The Lady Slipper newsletter, and now blog, of the Kentucky Native Plant Society has been published since the Society’s founding in 1986. We occasionally feature an article from a past issue. In this article from 2005, Robert Paratley, Curator, University of Kentucky Herbarium, takes an in-depth look at the dogbane family, Apocynaceae. This article ran in Vol. 20, No. 1. If you would like to see these and other past issues, visit the Lady Slipper Archives, where all issues from Vol. 1, February 1986 to Vol. 39, 2024, can be found.

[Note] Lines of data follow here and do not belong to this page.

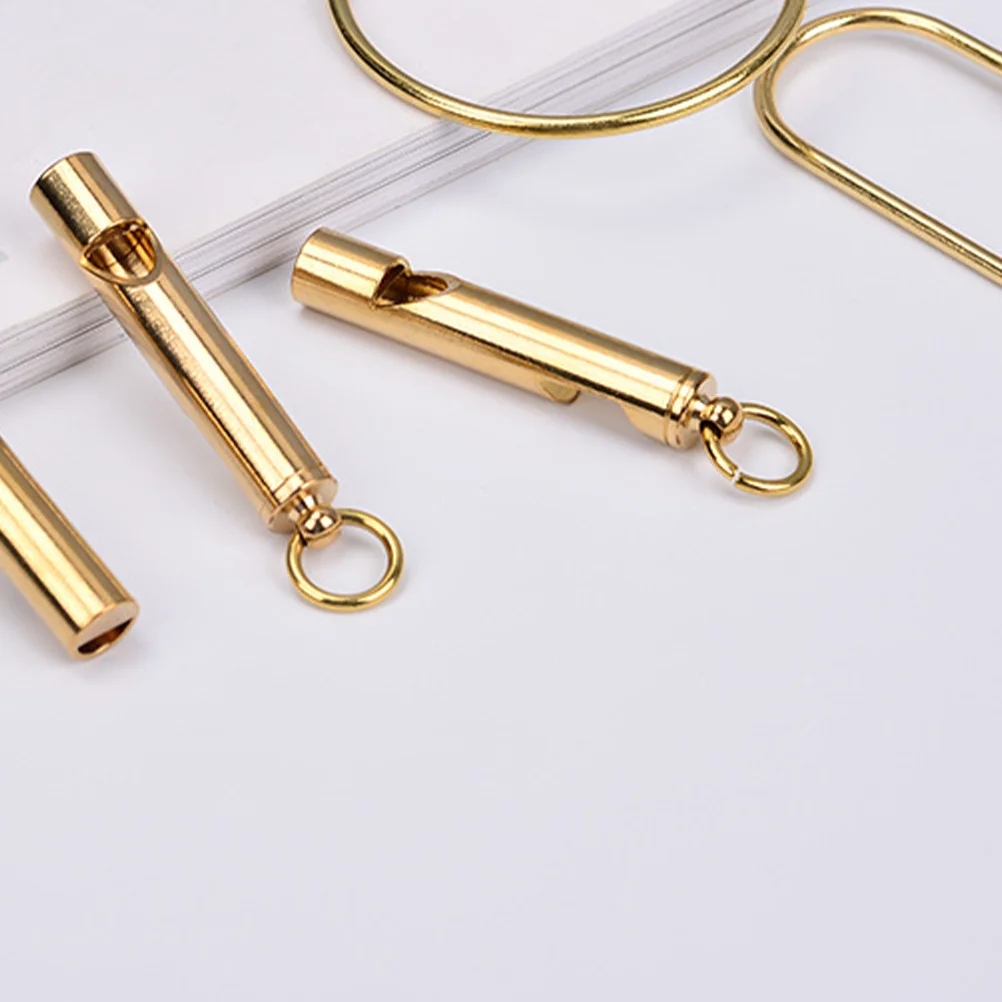 2Pcs Premium Copper Whistle Loud Emergency with Bottle Opener Golden Portable for Sports and Training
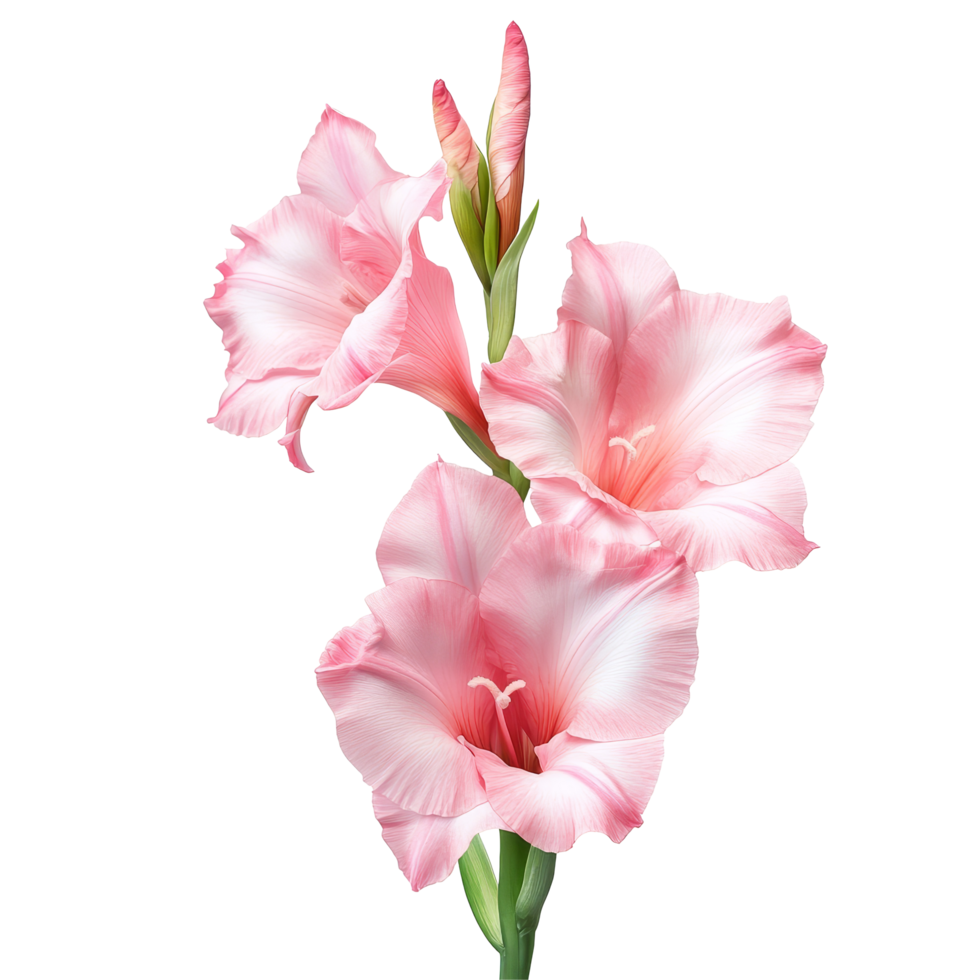 Soft pink gladiolus with delicate petals and vibrant green stems on a transparent background, gladiolus flower isolated on transparent background png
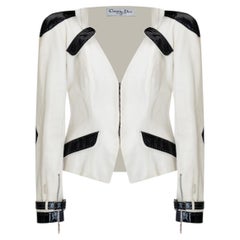 Christian Dior & Galliano 2004 spring RTW runway leather jacket USA 8 2000s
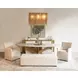 Pasadena Antique Gold 70" Oval Marble Top Dining Table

The world of the dogbane family Apocynaceae
Robert Paratley
Curator, University of Kentucky Herbarium

Indian-hemp or dogbane, Apocynum cannabinum, is a tall, branching perennial found in most parts of Kentucky. It is very common in old fields, roadsides and other disturbed habitats, but is not particularly conspicuous in flower, with small greenish-white flowers whose petals are fused into a small urns hape. Indian-hemp is more conspicuous in fruit, where the two parts of the pistil separate at maturity and elongate into narrow, dark, long-pointed follicles (pods). These are filled with numerous light, tufted seeds adapted to catch the wind, making it an effective seed disperser. Break the plant and the sap is milky white. Another species, the spreading dogbane (Apocynum androsaemifolium), is similar but smaller than Indian-hemp and is widespread in northern U.S. It is listed as rare in Kentucky. Both species are on any serious list of poisonous plants. Numerous cases of livestock poisoning have been recorded, although apparently no human cases are known. (Turner and Szczawinski, 1991).
Both are members of the Apocynaceae, a large, mostly tropical family of mostly woody members. This article will highlight the features of this complex, diverse family that barely gets a toehold in the temperate zone. The Latin genus name Apocynum was coined by Linnaeus. He combined two Greek roots, apo meaning “away” or “off”, and cyn meaning “dog” – a dog repellent. The common name echoes this idea. (Perhaps dogs found the scent of the European dogbane Apocynum venetum unpleasant and kept away from it.) Apocynum became the namesake genus for the family Apocynaceae, whose name is credited to the French botanist Antoine-Laurent de Jussieu in the early 1800s. Until recently, the concept of the family remained fairly consistent, including about 200 genera and 2,000 species (Cronquist, 1981). Recent research has expanded the concept of the family to include the milkweeds, which have traditionally been taught as a distinct but closely related family. Following older fashion, I will not discuss milkweeds here.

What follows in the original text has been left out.